Investoren entdecken Deutschland

Die entflochtene Deutschland AG erweist sich als lukrativer Anlageplatz für internationale Kapitalfonds. Seit Jahresbeginn investierten Private Equity Fonds 13 Milliarden Euro. Vor allem Immobilien sind beliebt. Erwartete Rendite: bis zu 40 Prozent

VON SEBASTIAN SEIFFERT
UND KATHARINA KOUFEN

Deutschland wird für Geldanleger immer interessanter. Das ist das Ergebnis einer Studie, die die Wirtschaftsprüfer von Ernst & Young gestern in Frankfurt vorstellten.
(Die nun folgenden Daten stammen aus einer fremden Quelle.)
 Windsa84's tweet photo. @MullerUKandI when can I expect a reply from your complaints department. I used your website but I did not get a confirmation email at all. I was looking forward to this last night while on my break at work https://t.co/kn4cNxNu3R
Im ersten Halbjahr 2005 waren die Investitionen so genannter Private Equity Fonds (PE) mit fast 13 Milliarden Euro so hoch wie noch nie. Bestes Beispiel: Tank und Rast, der größte Betreiber von Autobahnraststätten, wurde 2005 von der britischen Terra Firma übernommen.

Die Fonds bündeln Gelder von privaten Investoren und stecken sie gezielt in Unternehmen, die in Schwierigkeiten sind. In Deutschland geriet diese Art der Geldanlage in die Kritik, als SPD-Chef Franz Müntefering sie als „Heuschrecken“ beschimpfte, weil sie nur kurzfristig an Gewinnen orientiert sind. Häufig wird das übernommene Unternehmen zerschlagen und „abgespeckt“. Die sanierten Kernbereiche werden anschließend an der Börse verkauft.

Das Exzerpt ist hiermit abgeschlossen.